%load_ext version_information
%version_information numpy, pandas, re, bs4, pickle, gensim, spacy, pyLDAvis

import warnings
warnings.filterwarnings("ignore",category=DeprecationWarning)

import os
import pickle
import pyLDAvis

hansard_saves_directory = os.path.join('', 'saves/hansard/')
st_saves_directory = os.path.join('', 'saves/st/')

Parliamentary transcript (Hansard) corpus¶

Corpus is 5,227 speeches from Singapore Members of Parliament

Time period: 2005 to 2016

Pre-processing

Remove procedural speeches using a simple heuristic (procedural speeches are those with 100 characters and less OR 20 words and less
Remove timestamps
Remove column markers
Remove page markers
Remove strings inside parentheses and brackets
Remove stopwords
Remove punctuations
Lemmatise words
Remove certain parts of speeches (dates, percent, money, etc.) using Spacy
Identify phrases in sentences (e.g. low_wage or retirement_fund) using Gensim's Phraser (two passes)

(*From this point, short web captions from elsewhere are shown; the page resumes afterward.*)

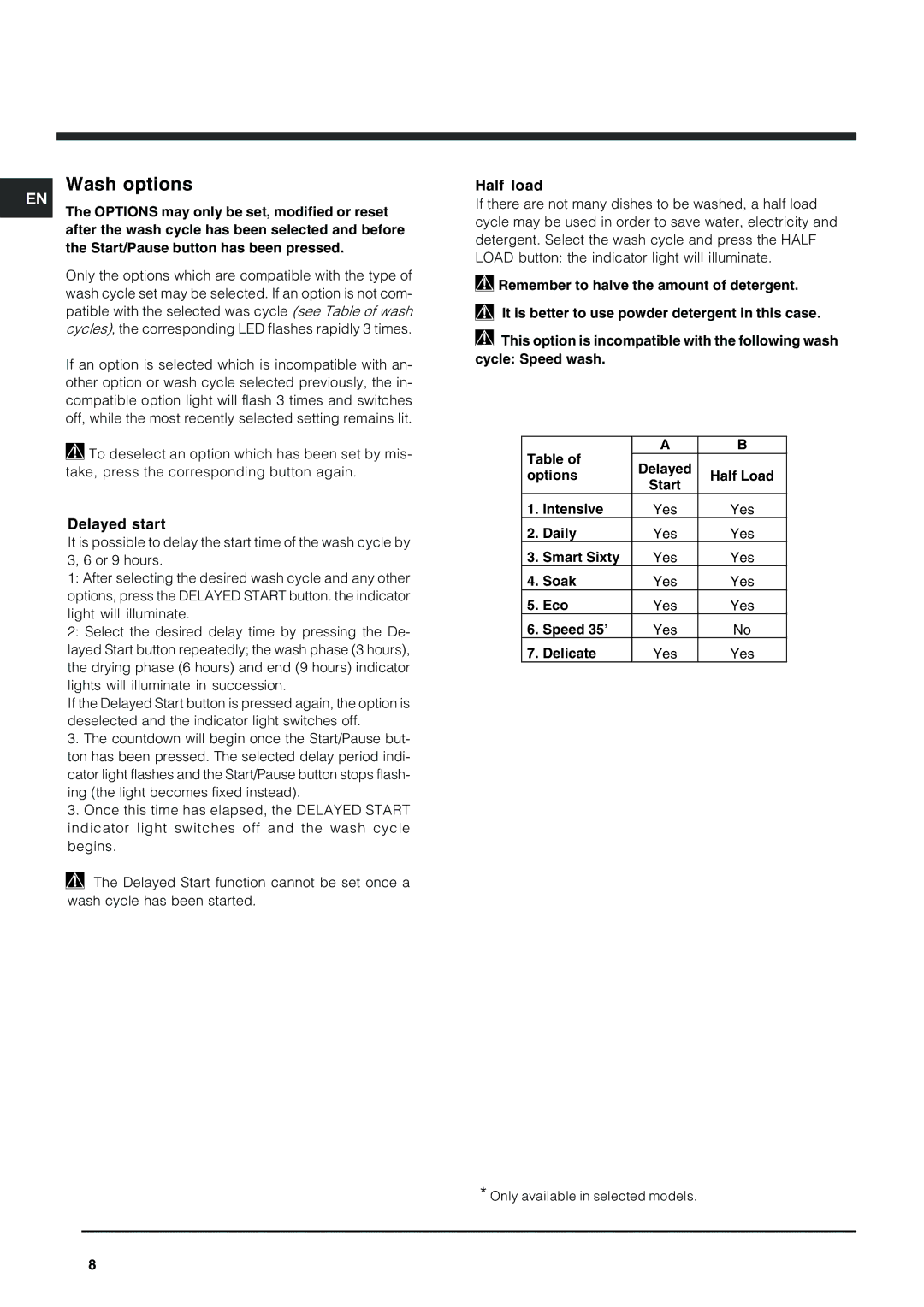 Indesit IDP 127 manual Wash options, Delayed start, Half load, Yes 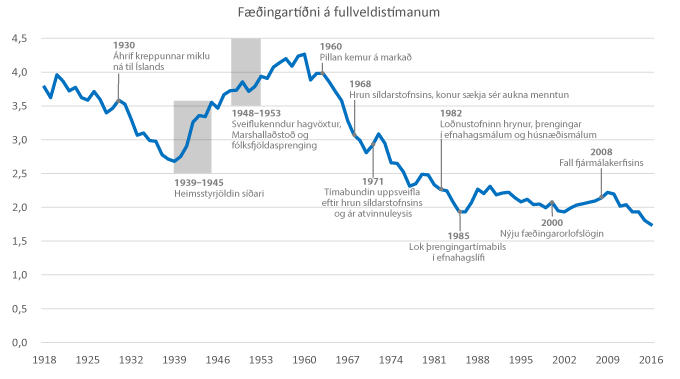 Fæðingartíðni á fullveldistímanum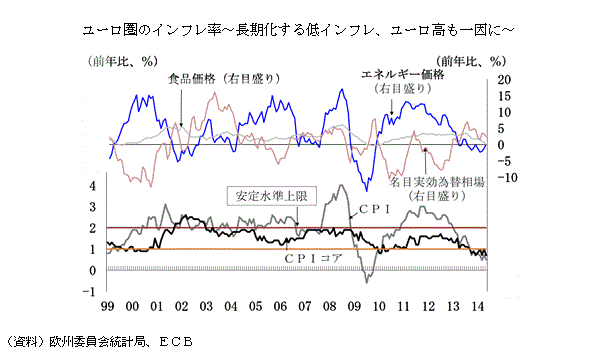 ユーロ圏のインフレ率～長期化する低インフレ、ユーロ高も一因に～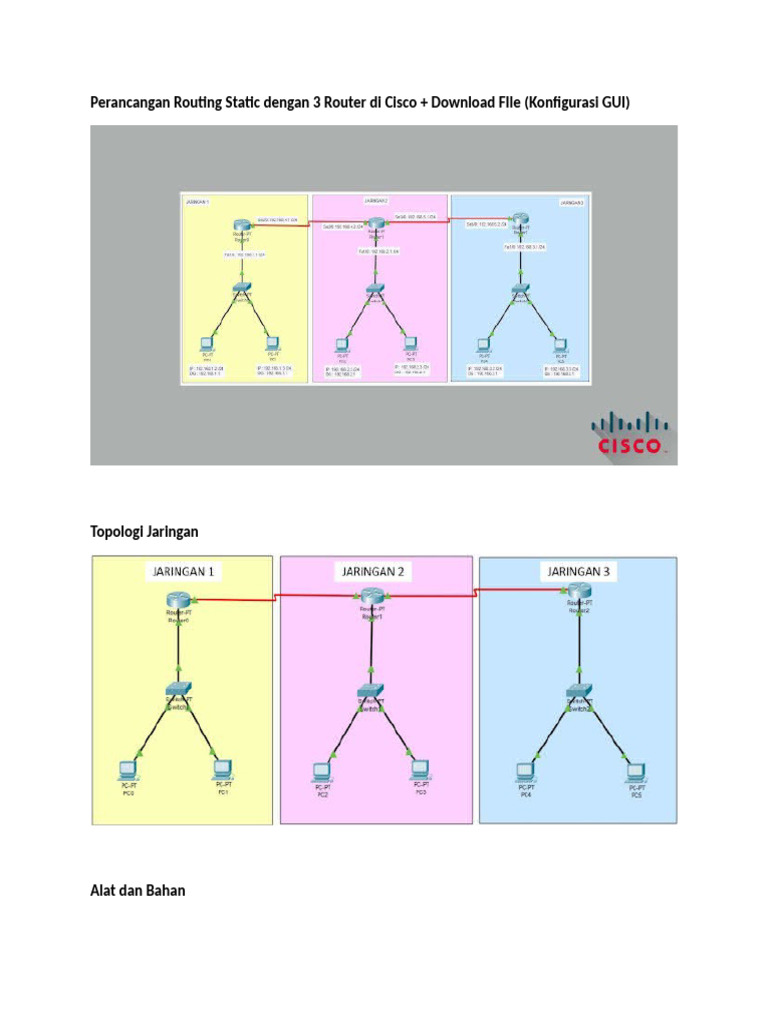 Perancangan Routing Static Dengan 3 Router Di Cisco | PDF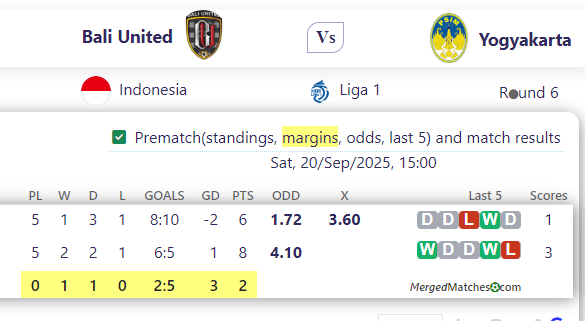 Bali United Vs Yogyakarta screenshot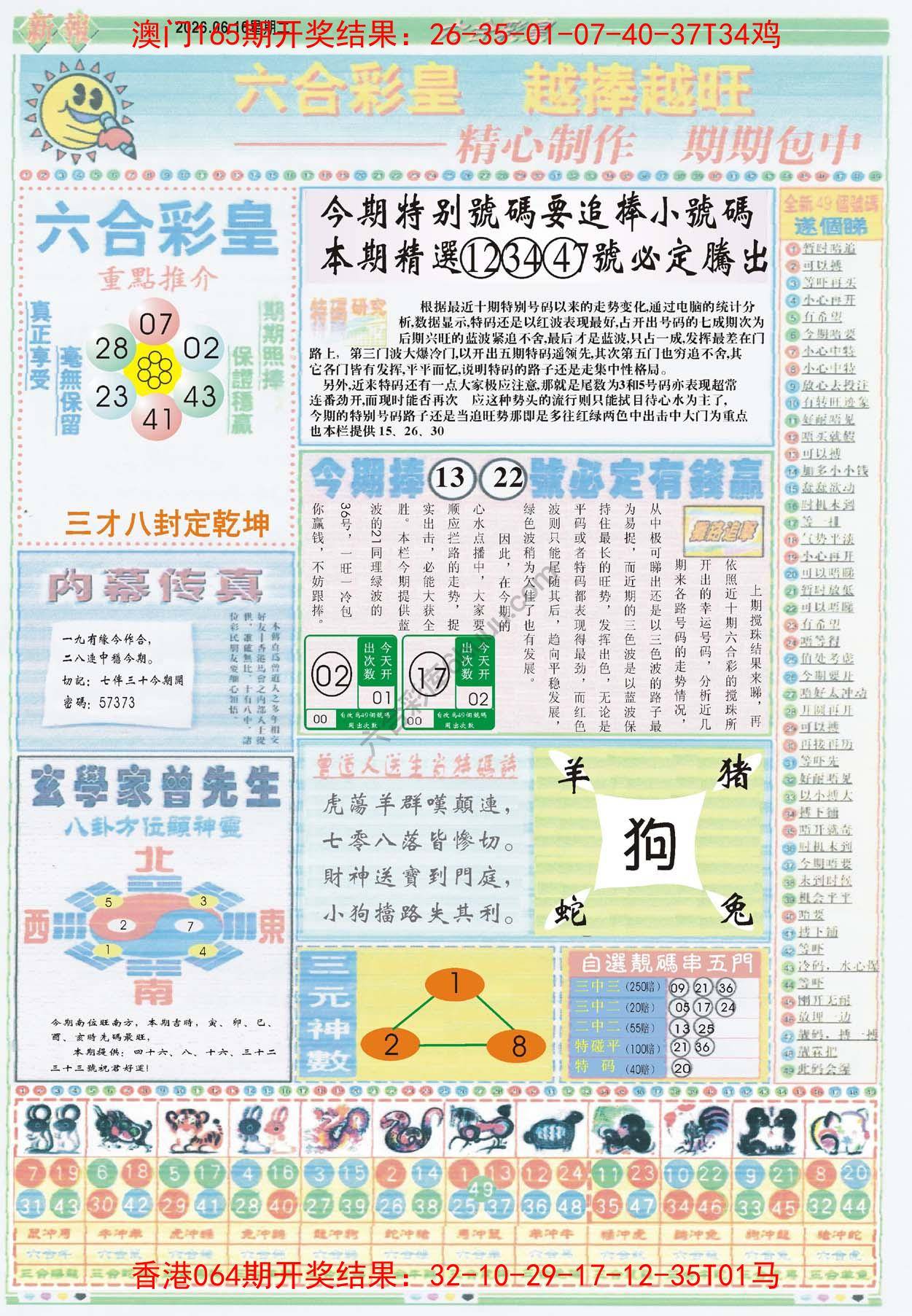 六合彩皇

hansard_ldavis_directory = os.path.join(hansard_saves_directory, 'ldavis-hansard-92')

with open(hansard_ldavis_directory) as f:
    hansard_ldavis = pickle.load(f)
    
pyLDAvis.display(hansard_ldavis)

The Straits Times corpus¶

Corpus is 3,425 ST articles with quotes from Singapore Members of Parliament

Time period: 2005 to 2016

Pre-processing:

Remove digits and email addresses
Remove stopwords
Remove punctuations
Lemmatise words
Remove certain parts of speeches (dates, percent, money, etc.) using Spacy
Identify phrases in sentences (e.g. low_wage or retirement_fund) using Gensim's Phraser (two passes)

st_ldavis_directory = os.path.join(st_saves_directory, 'ldavis-st-40')

with open(st_ldavis_directory) as f:
    st_ldavis = pickle.load(f)
    
pyLDAvis.display(st_ldavis)

Software	Version
Python	2.7.14 64bit [GCC 7.2.0]
IPython	5.4.1
OS	Linux 4.8.0 53 generic x86_64 with debian stretch sid
numpy	1.14.3
pandas	0.22.0
re	2.2.1
bs4	4.6.0
pickle	$Revision: 72223 $
gensim	3.4.0
spacy	2.0.11
pyLDAvis	2.1.2
Mon Jun 18 10:30:19 2018 +08